Work instruction »
Take the line with "6533 Bloomington AVE, Richfield, MN 55423" as the first line and the last line of the data as the final one. Write out those lines exactly, and no others.

Provided records »
▼▼▼

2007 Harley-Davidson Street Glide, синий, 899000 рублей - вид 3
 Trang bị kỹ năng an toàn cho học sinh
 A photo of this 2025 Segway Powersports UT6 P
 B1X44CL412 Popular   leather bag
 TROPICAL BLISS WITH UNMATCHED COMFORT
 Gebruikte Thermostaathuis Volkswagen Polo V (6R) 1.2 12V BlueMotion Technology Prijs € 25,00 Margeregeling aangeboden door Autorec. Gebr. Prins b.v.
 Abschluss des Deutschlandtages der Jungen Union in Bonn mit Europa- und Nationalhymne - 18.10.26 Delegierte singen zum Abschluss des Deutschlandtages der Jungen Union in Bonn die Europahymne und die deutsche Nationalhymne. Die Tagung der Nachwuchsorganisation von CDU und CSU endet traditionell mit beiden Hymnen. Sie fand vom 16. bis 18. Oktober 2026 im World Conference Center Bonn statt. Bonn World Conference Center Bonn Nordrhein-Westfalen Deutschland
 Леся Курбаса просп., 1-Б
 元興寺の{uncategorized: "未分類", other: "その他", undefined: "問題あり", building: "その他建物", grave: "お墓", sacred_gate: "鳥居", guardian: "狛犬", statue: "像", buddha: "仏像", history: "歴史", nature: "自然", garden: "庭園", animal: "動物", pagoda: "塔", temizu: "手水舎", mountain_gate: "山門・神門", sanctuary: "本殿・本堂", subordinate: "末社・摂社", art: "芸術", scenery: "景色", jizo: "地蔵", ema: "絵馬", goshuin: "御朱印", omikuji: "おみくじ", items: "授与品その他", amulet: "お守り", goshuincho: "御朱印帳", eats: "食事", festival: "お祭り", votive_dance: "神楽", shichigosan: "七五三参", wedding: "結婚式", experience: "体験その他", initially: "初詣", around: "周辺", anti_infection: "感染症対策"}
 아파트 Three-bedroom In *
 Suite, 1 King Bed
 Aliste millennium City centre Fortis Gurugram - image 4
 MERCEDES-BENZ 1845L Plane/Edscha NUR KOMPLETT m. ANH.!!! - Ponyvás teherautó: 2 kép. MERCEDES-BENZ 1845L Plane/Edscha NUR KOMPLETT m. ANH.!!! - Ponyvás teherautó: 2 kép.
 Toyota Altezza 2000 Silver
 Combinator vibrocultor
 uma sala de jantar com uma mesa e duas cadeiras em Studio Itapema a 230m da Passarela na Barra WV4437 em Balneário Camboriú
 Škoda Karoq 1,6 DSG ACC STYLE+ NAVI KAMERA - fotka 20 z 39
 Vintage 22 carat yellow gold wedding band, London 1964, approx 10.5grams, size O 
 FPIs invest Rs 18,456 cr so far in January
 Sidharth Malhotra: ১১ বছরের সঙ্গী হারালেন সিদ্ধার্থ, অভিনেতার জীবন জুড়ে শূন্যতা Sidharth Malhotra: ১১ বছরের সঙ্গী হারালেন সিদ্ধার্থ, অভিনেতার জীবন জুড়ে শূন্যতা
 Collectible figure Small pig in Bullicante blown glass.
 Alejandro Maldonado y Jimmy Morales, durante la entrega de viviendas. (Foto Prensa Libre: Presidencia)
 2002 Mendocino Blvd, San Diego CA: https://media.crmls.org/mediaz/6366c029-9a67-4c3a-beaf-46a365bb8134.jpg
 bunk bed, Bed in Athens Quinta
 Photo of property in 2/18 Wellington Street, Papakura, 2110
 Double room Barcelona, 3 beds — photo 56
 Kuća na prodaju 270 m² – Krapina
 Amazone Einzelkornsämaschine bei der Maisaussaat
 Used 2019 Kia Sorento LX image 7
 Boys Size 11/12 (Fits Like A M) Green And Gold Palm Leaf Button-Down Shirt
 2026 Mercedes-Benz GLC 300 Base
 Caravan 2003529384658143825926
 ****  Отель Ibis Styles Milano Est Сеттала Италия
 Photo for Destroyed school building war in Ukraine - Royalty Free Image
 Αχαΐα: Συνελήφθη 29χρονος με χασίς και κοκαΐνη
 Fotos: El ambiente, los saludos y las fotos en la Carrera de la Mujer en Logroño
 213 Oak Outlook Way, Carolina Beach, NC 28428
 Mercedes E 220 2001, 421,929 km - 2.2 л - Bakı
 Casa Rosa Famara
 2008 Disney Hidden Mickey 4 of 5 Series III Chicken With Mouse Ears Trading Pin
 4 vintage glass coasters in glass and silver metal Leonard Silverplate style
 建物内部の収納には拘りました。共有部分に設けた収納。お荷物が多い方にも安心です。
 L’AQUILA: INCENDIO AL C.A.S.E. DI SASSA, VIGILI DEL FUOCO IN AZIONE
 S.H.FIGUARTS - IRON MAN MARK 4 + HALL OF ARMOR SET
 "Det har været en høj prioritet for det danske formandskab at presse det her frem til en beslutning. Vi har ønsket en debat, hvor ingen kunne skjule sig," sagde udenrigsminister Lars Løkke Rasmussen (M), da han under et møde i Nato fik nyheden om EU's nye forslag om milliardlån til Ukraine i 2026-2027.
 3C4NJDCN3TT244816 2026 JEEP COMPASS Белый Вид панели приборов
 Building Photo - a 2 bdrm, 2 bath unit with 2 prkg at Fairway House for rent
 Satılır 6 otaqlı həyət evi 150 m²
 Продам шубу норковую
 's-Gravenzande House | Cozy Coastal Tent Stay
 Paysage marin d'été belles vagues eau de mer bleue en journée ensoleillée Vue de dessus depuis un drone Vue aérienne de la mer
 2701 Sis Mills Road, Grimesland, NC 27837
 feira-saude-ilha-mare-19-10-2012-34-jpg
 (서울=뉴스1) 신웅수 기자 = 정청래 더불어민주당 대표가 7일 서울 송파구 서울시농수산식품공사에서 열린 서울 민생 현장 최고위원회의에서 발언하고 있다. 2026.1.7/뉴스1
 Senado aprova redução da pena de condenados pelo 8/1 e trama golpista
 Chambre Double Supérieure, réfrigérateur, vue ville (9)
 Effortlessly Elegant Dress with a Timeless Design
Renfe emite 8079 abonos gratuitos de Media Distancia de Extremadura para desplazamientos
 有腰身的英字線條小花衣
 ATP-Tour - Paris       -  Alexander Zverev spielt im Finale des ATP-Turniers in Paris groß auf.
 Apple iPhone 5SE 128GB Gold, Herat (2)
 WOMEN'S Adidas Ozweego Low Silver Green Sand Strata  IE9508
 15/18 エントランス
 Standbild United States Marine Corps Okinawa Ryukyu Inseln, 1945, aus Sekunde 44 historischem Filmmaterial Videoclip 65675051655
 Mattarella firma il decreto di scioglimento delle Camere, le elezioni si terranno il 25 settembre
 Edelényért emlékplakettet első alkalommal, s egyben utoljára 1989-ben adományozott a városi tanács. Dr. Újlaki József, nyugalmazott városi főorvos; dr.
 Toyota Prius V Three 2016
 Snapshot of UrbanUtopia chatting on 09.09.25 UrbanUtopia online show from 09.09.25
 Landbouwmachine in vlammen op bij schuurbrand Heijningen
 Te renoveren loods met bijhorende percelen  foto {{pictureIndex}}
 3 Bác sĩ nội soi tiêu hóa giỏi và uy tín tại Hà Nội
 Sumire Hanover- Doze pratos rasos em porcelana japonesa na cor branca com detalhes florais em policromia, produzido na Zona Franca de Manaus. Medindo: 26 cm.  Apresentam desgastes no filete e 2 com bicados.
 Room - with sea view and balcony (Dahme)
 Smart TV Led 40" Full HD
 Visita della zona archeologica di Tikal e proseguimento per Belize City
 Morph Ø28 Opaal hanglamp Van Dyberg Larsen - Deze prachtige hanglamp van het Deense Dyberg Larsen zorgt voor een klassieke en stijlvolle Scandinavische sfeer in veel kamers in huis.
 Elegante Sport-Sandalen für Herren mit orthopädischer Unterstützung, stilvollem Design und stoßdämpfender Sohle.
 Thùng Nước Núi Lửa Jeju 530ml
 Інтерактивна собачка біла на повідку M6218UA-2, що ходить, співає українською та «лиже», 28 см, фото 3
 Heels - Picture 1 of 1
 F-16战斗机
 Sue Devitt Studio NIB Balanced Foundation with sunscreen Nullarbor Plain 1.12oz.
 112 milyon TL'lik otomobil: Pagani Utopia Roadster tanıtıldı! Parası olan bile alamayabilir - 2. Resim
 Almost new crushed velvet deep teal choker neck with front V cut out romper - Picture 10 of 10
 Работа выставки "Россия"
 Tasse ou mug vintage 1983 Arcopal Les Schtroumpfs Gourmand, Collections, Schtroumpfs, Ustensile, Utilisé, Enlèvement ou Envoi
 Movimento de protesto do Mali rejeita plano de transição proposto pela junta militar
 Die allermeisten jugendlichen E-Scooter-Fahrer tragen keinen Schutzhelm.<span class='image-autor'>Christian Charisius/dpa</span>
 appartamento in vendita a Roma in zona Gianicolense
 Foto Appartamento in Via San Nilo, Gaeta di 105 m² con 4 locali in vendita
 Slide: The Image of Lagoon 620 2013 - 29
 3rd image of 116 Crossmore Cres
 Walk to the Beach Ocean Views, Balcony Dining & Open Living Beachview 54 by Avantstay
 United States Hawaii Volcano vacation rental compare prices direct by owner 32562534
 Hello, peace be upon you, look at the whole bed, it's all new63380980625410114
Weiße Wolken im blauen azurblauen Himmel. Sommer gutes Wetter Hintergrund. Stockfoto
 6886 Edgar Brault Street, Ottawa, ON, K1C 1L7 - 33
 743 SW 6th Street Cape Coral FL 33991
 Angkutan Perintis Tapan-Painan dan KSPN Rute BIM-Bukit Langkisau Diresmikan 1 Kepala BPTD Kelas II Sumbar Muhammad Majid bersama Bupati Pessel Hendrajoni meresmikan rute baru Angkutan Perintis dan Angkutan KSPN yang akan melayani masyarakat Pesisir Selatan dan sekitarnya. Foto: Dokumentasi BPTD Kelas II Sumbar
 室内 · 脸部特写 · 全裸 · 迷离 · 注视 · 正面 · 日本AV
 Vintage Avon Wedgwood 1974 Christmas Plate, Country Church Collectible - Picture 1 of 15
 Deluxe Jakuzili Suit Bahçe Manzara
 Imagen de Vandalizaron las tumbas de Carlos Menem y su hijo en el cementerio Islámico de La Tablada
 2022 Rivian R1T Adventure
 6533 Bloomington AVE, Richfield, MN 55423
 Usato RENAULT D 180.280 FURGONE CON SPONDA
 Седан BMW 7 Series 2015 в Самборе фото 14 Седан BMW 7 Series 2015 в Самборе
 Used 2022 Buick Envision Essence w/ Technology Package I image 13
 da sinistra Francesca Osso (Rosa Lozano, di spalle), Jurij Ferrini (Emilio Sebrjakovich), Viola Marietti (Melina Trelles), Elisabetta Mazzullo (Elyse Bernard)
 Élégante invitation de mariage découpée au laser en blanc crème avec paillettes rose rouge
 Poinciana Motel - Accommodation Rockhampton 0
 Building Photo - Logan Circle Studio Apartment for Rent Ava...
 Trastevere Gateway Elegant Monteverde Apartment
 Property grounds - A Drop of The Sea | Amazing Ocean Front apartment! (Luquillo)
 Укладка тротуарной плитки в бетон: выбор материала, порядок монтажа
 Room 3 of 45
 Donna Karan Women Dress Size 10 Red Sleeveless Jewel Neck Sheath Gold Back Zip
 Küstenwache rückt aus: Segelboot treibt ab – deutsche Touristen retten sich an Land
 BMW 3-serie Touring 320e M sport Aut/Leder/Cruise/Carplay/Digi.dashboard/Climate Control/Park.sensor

▲▲▲

Answer to this exercise »
 6533 Bloomington AVE, Richfield, MN 55423
 Usato RENAULT D 180.280 FURGONE CON SPONDA
 Седан BMW 7 Series 2015 в Самборе фото 14 Седан BMW 7 Series 2015 в Самборе
 Used 2022 Buick Envision Essence w/ Technology Package I image 13
 da sinistra Francesca Osso (Rosa Lozano, di spalle), Jurij Ferrini (Emilio Sebrjakovich), Viola Marietti (Melina Trelles), Elisabetta Mazzullo (Elyse Bernard)
 Élégante invitation de mariage découpée au laser en blanc crème avec paillettes rose rouge
 Poinciana Motel - Accommodation Rockhampton 0
 Building Photo - Logan Circle Studio Apartment for Rent Ava...
 Trastevere Gateway Elegant Monteverde Apartment
 Property grounds - A Drop of The Sea | Amazing Ocean Front apartment! (Luquillo)
 Укладка тротуарной плитки в бетон: выбор материала, порядок монтажа
 Room 3 of 45
 Donna Karan Women Dress Size 10 Red Sleeveless Jewel Neck Sheath Gold Back Zip
 Küstenwache rückt aus: Segelboot treibt ab – deutsche Touristen retten sich an Land
 BMW 3-serie Touring 320e M sport Aut/Leder/Cruise/Carplay/Digi.dashboard/Climate Control/Park.sensor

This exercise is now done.